Noisebridge is an anarchistic maker and hackerspace located in San Francisco, inspired by European hackerspaces Metalab and c-base in Berlin.  It describes itself as "a space for sharing, creation, collaboration, research, development, mentoring, and learning," and outside of its headquarters forms a wider international community.  It was organized in 2007 and has had permanent facilities since 2008.

Organization 

Noisebridge allows anyone to contribute, including non-members. All workshops and activities are free, with some exceptions for materials costs, and all are open to the public. It is a registered non-profit California corporation, with IRS 501(c)(3) charitable status, a Board of Directors, and volunteer officers including a President, Treasurer, and Secretary.

History

Locations 
During most of 2007 and 2008, Noisebridge was a group of people meeting in new
locations weekly. In October 2008, the Noisebridge group began renting a small commercial property in San Francisco's Mission District; it quickly
outgrew that location. 

In 2009, the space moved into 2169 Mission St., a 5,200 square foot space on the third floor of the building. Early in its history, in 2009, Noisebridge had around 100 members. 

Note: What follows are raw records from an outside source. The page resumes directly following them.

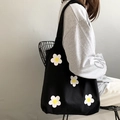 Detail der schwarzen Canvas-Tragetasche mit weißen Gänseblümchen auf dem Modell - Schwarz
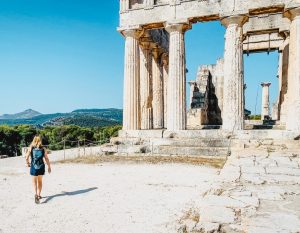 Ashley Blake, founder of Traverse Journeys walks next to the Temple of Aphaia in Greece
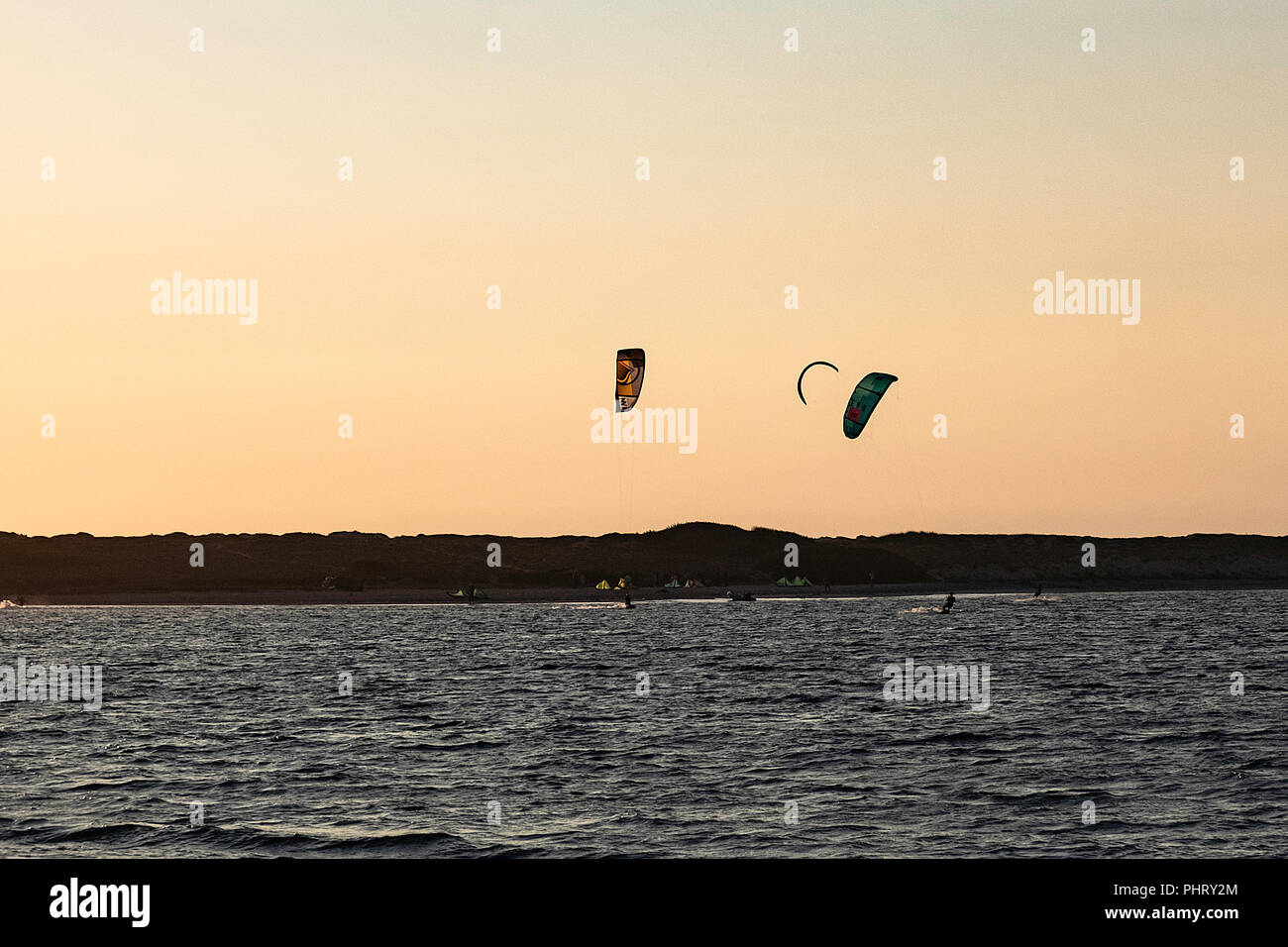 surf kites at sunset hour Stock Photo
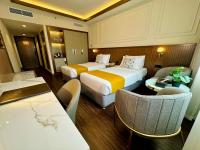 Postel nebo postele na pokoji v ubytování Fortune Plaza Hotel, Dubai Airport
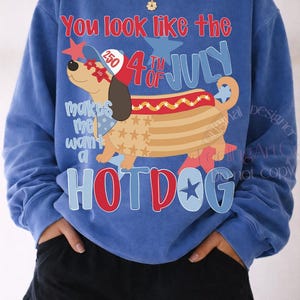 May include: Blue sweatshirt with a graphic of a hotdog dog wearing sunglasses and a hat, with the text "You look like the 4th of July" and "Hotdog". The design includes stars and the text "makes me want a".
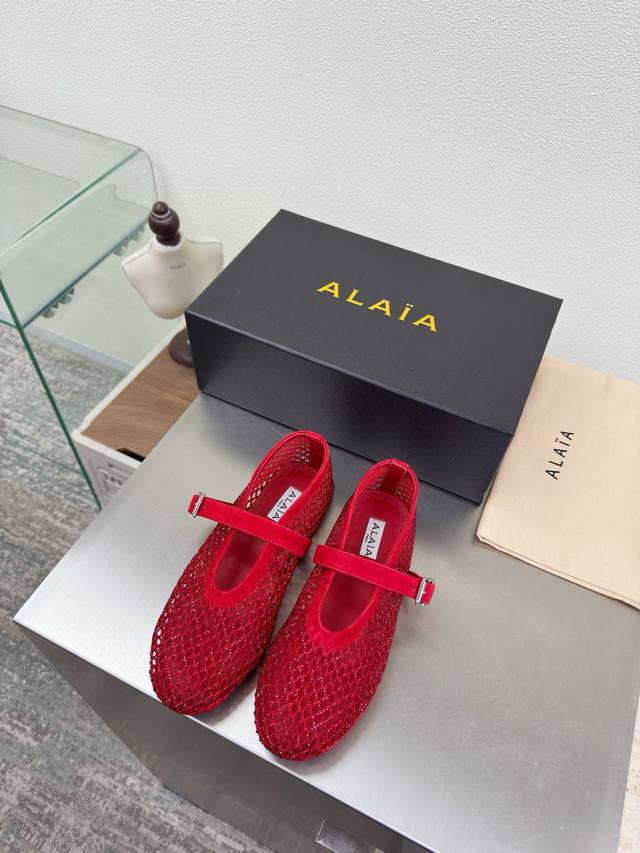 Exquisite diamond-encrusted Alaia slippers from Paris. A stunning red color, ha
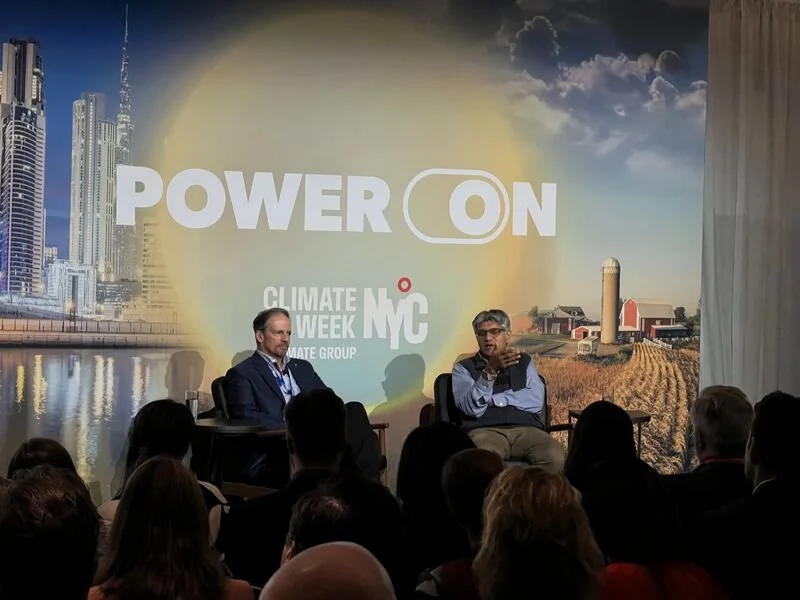 Two men speaking at a panel discussion during Climate Week NYC, with a backdrop that says 'POWER ON' and features cityscape and farm images.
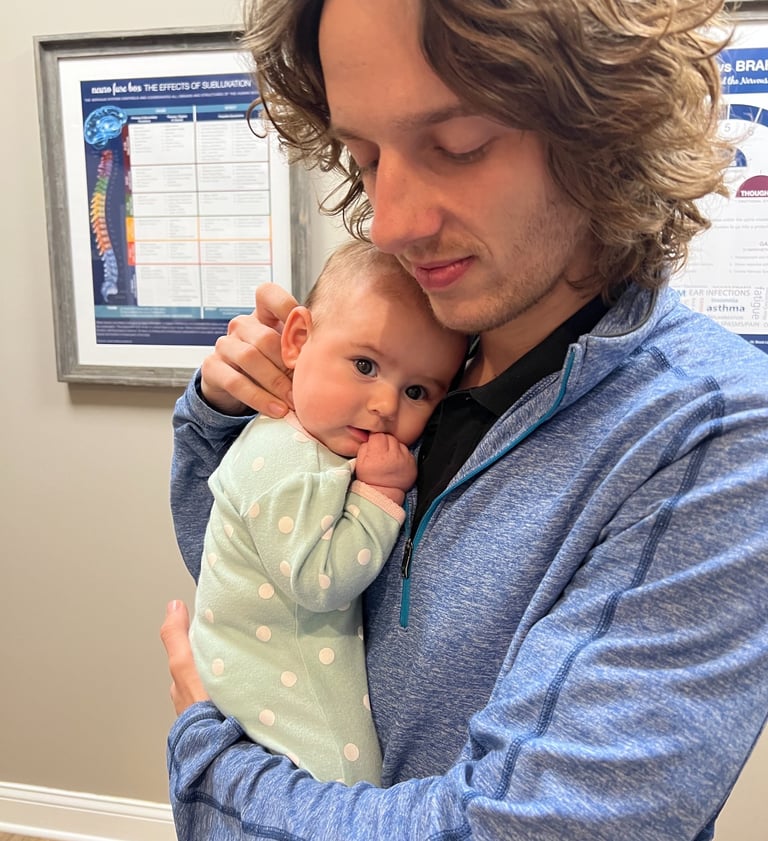Happy baby falling asleep during their adjustment by Franklin pediatric chiropractor
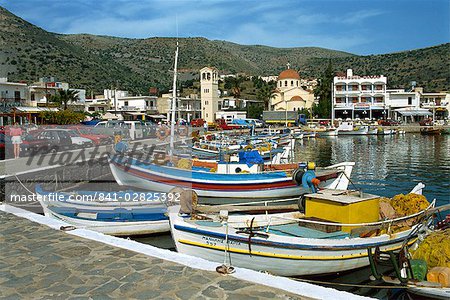 Fishing boats moored in the harbour at Elounda, near Agios Nikolas, Crete, Greece, Europe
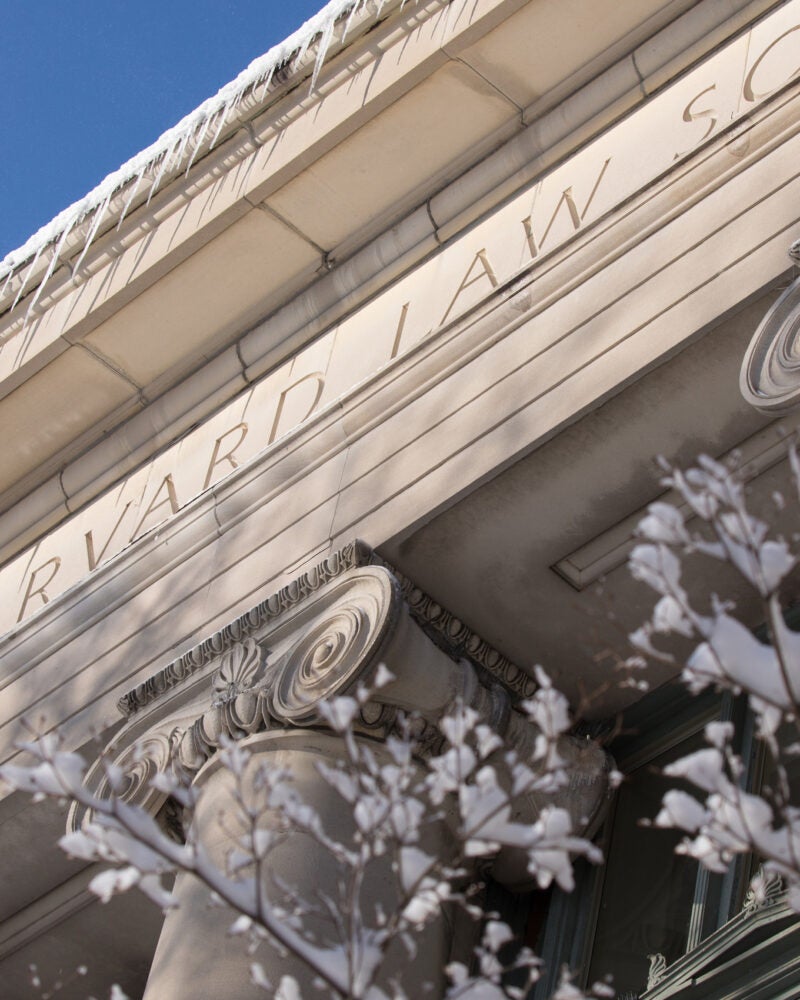 The top of Langdell Hall with the words Harvard Law School etched in the stone and snow covered branches in front.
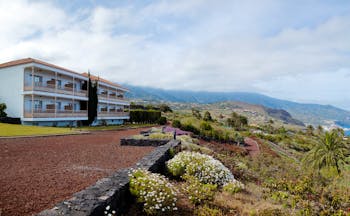 Exterior of hotel with white building and looking out over the gardens and sea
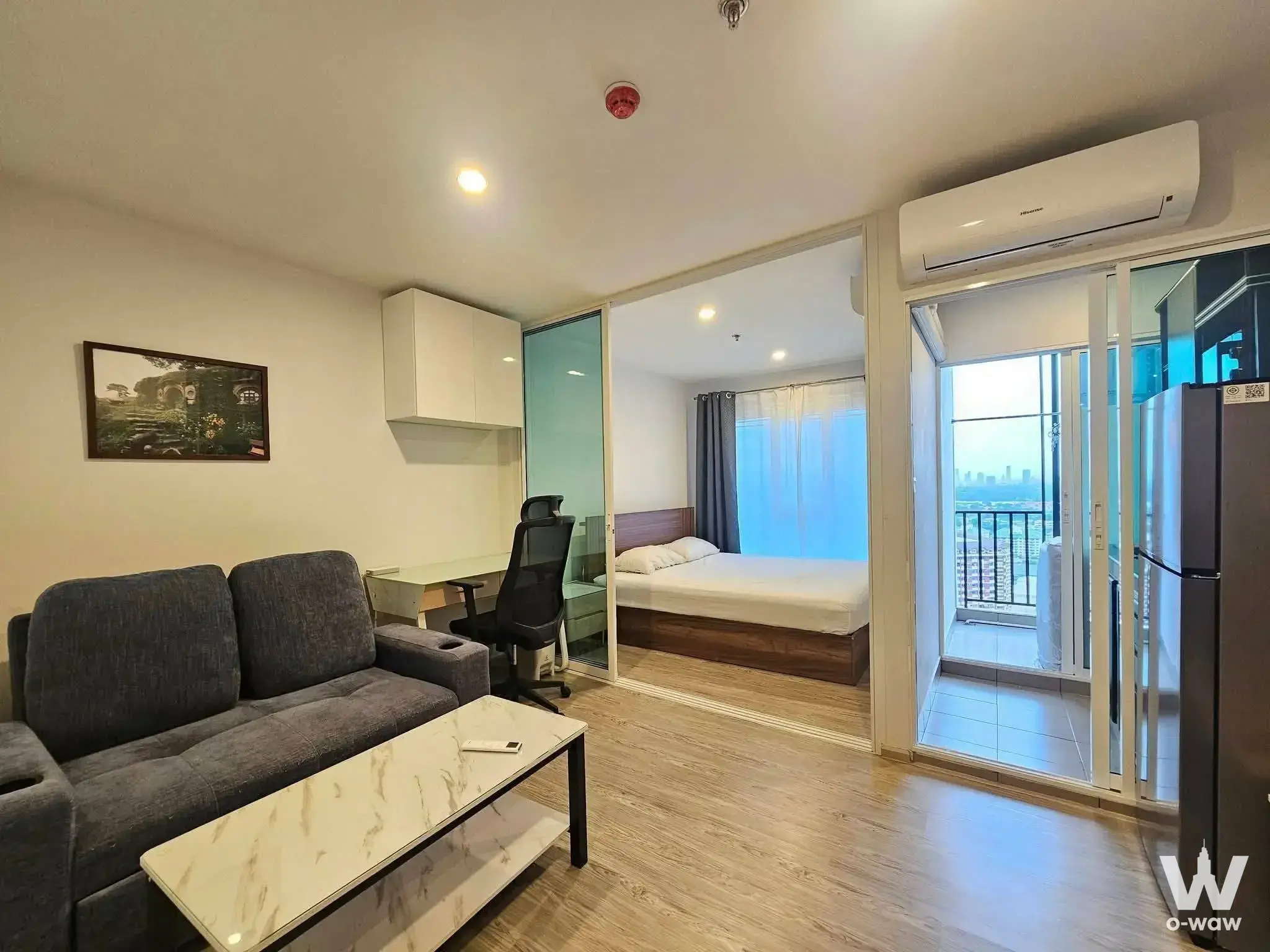Regent Home Bangna 1-bed condo living room with grey sofa, marble coffee table, and city skyline view from balcony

By 2018, the organization was looking for a new space as its lease was under threat.  A large donation in 2020 kicked off a new search. The group then moved to its current space at 272 Capp Street, directly behind its former building.

Activities and projects 

Many meetups, workshops, and classes are held at the space, including the long running Circuit Hacking Monday, San Francisco Writers Workshop, Wikipedia meetups, Hack Comedy, Five Minutes of Fame, game development groups and classes, Free Code Camp, Code Day, and the Stupid Hackathon. 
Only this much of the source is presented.